ENTRIES SHOWN START

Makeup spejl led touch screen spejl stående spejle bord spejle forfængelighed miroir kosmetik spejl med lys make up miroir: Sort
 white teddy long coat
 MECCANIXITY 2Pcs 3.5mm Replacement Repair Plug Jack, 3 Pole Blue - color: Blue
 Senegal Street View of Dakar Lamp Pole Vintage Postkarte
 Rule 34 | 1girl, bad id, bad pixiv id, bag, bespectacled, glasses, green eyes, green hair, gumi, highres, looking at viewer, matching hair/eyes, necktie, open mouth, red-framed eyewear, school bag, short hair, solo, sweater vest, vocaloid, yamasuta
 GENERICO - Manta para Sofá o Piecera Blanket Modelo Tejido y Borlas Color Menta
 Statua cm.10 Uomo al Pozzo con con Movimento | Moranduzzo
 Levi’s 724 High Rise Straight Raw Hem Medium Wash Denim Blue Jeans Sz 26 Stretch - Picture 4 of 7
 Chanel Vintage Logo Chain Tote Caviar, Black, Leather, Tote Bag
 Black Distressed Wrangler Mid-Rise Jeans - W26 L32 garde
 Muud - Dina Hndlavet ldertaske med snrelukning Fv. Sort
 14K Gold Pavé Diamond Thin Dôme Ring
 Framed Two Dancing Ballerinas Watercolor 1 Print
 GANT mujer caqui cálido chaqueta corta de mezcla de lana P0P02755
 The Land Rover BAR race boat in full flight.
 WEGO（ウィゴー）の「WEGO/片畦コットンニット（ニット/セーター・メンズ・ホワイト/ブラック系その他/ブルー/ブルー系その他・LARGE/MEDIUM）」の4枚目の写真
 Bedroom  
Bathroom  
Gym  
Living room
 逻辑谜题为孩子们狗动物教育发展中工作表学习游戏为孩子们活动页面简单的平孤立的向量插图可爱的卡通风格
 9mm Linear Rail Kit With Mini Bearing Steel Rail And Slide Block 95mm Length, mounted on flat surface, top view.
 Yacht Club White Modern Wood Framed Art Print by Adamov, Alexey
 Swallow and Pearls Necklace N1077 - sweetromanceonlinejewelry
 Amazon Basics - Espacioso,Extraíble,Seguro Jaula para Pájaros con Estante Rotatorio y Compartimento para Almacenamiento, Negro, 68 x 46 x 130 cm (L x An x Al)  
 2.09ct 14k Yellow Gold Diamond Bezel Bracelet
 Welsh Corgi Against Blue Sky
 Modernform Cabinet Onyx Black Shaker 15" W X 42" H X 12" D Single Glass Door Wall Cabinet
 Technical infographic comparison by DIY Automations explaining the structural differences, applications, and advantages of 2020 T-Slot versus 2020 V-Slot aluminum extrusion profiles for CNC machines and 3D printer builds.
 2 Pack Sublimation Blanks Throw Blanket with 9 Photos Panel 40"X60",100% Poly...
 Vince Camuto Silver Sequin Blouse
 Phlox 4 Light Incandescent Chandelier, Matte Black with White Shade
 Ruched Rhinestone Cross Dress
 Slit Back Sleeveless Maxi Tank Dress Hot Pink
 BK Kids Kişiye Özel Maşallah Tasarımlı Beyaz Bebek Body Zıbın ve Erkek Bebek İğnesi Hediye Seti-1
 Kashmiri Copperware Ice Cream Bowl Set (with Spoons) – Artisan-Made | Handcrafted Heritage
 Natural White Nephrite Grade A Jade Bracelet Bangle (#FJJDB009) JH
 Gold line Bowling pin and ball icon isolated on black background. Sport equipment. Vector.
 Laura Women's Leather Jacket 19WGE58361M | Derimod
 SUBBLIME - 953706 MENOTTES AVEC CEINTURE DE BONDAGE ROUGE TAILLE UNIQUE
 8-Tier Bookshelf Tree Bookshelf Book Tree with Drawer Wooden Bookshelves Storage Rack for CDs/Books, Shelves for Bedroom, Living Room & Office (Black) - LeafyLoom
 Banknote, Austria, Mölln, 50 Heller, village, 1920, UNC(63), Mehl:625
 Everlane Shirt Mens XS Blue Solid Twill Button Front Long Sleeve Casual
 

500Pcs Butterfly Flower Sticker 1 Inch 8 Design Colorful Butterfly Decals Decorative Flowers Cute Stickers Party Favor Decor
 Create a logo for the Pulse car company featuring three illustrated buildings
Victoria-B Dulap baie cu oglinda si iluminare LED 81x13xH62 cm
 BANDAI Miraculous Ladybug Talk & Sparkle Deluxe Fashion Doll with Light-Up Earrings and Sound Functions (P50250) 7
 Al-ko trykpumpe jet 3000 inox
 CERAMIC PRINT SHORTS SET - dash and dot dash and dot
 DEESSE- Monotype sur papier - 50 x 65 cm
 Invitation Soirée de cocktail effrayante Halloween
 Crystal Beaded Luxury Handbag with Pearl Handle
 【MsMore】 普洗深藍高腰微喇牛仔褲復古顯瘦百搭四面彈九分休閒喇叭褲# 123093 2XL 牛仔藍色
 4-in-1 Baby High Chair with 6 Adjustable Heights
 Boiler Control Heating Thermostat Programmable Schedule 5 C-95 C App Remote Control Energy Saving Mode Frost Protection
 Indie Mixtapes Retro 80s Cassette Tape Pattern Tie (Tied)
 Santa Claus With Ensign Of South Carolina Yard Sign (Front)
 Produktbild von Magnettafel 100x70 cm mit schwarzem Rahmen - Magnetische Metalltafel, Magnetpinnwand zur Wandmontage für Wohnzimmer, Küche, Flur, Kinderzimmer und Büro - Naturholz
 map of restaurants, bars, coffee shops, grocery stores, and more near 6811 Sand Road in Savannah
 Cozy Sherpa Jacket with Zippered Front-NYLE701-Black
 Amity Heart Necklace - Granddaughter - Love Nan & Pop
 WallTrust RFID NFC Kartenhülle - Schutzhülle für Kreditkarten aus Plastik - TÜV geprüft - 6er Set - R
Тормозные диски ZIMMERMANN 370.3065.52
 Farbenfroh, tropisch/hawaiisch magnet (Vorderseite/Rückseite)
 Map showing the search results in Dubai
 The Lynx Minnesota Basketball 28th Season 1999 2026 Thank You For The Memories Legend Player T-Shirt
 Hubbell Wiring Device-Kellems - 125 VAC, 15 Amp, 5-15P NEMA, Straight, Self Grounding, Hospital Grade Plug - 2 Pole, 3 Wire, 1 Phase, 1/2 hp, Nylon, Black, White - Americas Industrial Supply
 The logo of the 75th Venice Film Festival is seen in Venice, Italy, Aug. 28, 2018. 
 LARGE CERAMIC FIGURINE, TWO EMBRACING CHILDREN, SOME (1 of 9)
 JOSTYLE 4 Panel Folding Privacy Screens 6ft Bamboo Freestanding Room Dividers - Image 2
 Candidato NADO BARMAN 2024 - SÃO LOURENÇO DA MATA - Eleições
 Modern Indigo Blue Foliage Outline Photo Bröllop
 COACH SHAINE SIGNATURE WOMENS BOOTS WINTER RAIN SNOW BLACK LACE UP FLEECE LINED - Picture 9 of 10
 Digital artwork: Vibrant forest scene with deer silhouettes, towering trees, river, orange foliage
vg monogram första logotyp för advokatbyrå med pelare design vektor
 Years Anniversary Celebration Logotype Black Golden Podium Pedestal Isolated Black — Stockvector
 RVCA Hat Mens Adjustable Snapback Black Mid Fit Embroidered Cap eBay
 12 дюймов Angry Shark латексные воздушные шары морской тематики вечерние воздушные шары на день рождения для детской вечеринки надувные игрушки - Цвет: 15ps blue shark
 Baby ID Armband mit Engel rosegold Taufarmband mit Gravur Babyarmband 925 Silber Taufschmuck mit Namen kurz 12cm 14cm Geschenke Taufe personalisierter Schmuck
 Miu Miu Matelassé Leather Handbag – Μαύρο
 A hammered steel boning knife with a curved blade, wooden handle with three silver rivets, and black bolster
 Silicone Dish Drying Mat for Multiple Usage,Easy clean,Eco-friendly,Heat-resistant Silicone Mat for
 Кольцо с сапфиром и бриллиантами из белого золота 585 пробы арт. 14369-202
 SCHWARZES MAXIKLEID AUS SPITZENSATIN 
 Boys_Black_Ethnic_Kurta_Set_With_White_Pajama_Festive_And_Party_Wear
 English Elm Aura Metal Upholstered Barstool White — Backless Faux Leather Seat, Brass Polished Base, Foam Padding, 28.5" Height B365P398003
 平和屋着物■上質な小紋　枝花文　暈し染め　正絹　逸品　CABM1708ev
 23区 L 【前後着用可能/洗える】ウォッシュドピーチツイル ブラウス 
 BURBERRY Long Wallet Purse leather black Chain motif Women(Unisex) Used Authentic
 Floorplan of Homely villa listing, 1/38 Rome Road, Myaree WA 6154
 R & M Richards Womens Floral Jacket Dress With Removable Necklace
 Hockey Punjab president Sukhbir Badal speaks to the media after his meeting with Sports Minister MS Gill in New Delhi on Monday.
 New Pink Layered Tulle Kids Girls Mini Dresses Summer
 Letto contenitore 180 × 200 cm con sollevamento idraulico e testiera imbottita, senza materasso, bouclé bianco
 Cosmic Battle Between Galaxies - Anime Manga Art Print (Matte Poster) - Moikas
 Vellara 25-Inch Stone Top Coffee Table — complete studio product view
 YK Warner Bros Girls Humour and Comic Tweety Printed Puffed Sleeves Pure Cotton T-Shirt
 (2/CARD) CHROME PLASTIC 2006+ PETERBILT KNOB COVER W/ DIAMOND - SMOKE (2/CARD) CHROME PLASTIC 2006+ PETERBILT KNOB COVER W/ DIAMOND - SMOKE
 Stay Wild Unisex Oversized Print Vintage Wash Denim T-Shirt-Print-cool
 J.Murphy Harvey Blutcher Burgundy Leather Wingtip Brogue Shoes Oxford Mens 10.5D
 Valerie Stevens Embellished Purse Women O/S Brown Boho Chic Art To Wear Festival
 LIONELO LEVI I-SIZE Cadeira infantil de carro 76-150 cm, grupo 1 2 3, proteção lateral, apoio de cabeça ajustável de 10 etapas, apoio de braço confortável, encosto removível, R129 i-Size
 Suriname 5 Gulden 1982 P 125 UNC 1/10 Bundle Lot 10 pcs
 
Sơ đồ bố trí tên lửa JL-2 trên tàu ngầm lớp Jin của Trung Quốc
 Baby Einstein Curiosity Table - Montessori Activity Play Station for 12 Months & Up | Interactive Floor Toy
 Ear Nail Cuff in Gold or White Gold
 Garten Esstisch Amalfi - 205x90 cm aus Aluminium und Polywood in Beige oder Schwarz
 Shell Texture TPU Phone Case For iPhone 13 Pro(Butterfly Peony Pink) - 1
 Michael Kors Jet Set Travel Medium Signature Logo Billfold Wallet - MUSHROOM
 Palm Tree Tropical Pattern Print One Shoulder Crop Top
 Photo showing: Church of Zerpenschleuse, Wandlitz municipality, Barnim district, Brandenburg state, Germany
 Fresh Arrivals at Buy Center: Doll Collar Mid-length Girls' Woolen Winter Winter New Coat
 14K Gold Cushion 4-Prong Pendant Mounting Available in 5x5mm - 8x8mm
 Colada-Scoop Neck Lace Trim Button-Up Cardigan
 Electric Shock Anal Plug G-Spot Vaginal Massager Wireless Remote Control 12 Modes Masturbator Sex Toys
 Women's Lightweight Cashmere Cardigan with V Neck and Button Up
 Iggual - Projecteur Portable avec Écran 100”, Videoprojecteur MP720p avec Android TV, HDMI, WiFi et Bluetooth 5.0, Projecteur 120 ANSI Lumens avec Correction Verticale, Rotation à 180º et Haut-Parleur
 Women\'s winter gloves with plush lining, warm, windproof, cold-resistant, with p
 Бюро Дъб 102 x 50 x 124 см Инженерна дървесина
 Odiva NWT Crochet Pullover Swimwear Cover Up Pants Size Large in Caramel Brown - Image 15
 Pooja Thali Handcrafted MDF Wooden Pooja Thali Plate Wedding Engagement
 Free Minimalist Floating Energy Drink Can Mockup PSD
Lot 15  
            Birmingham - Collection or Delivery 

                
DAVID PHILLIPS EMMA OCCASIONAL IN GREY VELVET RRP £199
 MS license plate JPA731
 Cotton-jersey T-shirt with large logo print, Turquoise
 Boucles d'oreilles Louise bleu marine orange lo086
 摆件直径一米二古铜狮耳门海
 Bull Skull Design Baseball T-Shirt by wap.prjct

ENTRIES SHOWN END

--- PROBLEM DESCRIPTION ---
Please retype, with no changes, the lines that run from the first line of the entries to the line with "Chanel Vintage Logo", both ends included.

--- EXERCISE RESPONSE ---
Makeup spejl led touch screen spejl stående spejle bord spejle forfængelighed miroir kosmetik spejl med lys make up miroir: Sort
 white teddy long coat
 MECCANIXITY 2Pcs 3.5mm Replacement Repair Plug Jack, 3 Pole Blue - color: Blue
 Senegal Street View of Dakar Lamp Pole Vintage Postkarte
 Rule 34 | 1girl, bad id, bad pixiv id, bag, bespectacled, glasses, green eyes, green hair, gumi, highres, looking at viewer, matching hair/eyes, necktie, open mouth, red-framed eyewear, school bag, short hair, solo, sweater vest, vocaloid, yamasuta
 GENERICO - Manta para Sofá o Piecera Blanket Modelo Tejido y Borlas Color Menta
 Statua cm.10 Uomo al Pozzo con con Movimento | Moranduzzo
 Levi’s 724 High Rise Straight Raw Hem Medium Wash Denim Blue Jeans Sz 26 Stretch - Picture 4 of 7
 Chanel Vintage Logo Chain Tote Caviar, Black, Leather, Tote Bag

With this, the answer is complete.